Alicia Eggert, Small Nows, 2020-21. DC motor, gears, aluminum, wood, paint, electrical wiring. 17 1/2” x 25” 6”. Fabricated by Duoc Le

Temporal conundrums aplenty here: the piece Small Nows is a trio of identical kinetic sculptures that pack the guts and extra red hands of clocks into shoebox-sized housings, with matching white electrical cords leading down the wall to daisy-chained power strips. There is a considered aesthetic that refuses to conceal those details, which I appreciate. Spinning vectors chug around like Wonka-meters, coming together every so often to form the word NOW — a flash of recognition that quickly returns to its mechanical ballet. It’s another great trick, making the text feel perishable, visually analogous to speech. Meanwhile, the vectors move on to accidentally form crooked Ts, Ks, maybe an N, but mostly grinding away to the motor-noises that aurally structure the even, mechanical time between “NOWs”. 
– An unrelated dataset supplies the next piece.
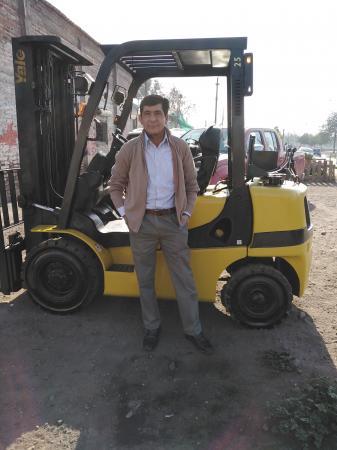 GRUA HORQUILLA CON OPERADOR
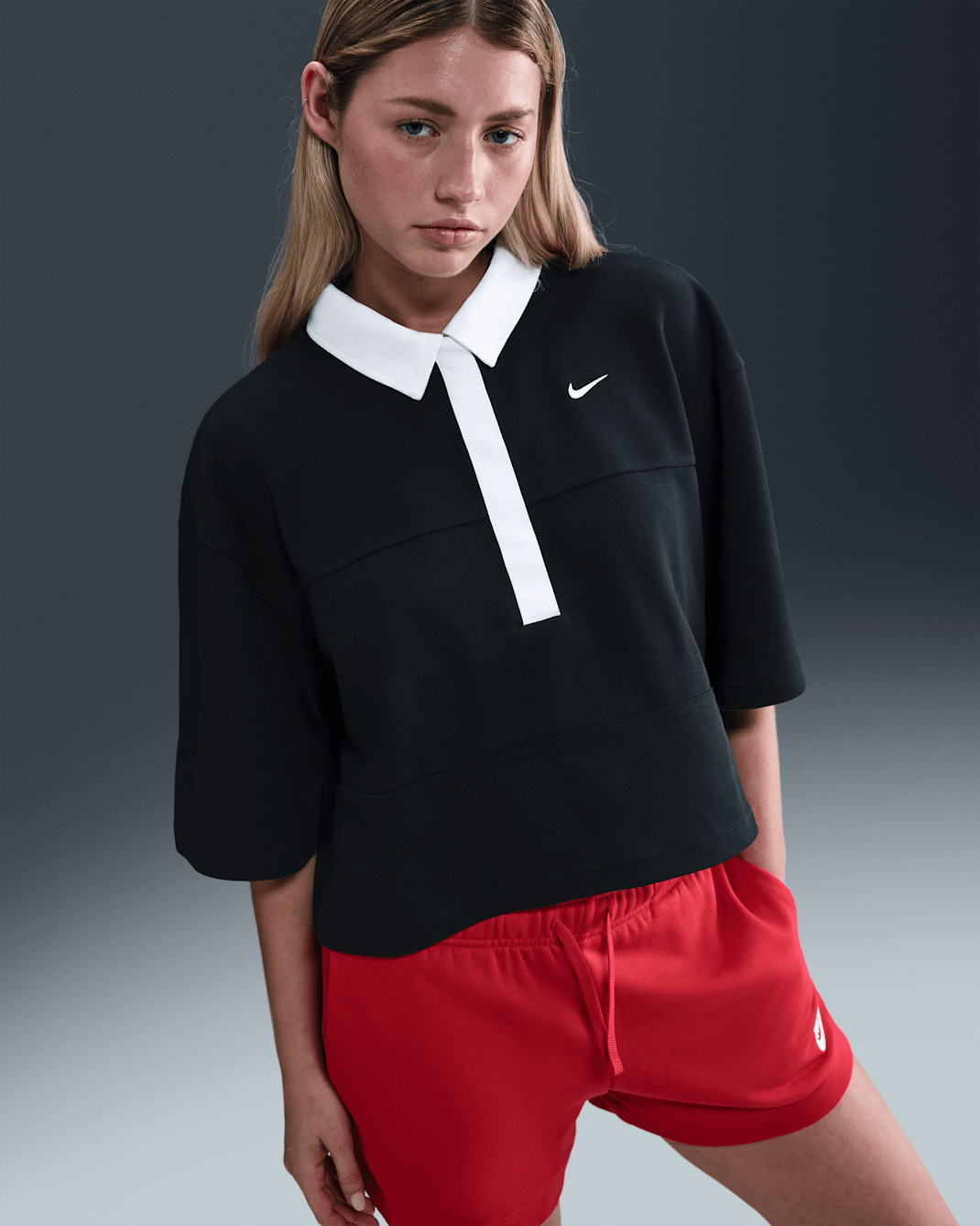 Playera tipo polo de manga corta oversized para mujer Nike Sportswear - Negro/Negro/Blanco/Blanco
The two largest works in the room face off aesthetically and point in opposing directions, out from the present moment we’ve been trying to locate. One to the unbuilt future, the other to the nostalgic past. 

Alicia Eggert, The Unimaginable Future, 2020-21. Steel rebar, tie wire, 93” x 185” x 41

The Unimaginable Future is a freestanding, billboard-sized construction built of six layers of rebar panel wired together in a rectangular grid, with blocky segments hacked out to create letters from negative spaces. The piece is so large you would need to back up into the parking lot to clearly read the word “FUTURE” gaping within it. Instead, parts of the word trip into view as you move past, fractured like a repeating mirror reflection. Your eye gets to climb through the scaffolding and enter the porous object, an unfinished stretch of highway maybe, some unbuilt infrastructure, who knows? The piece has a beautiful economy of material — like a spoken word, it’s mostly air.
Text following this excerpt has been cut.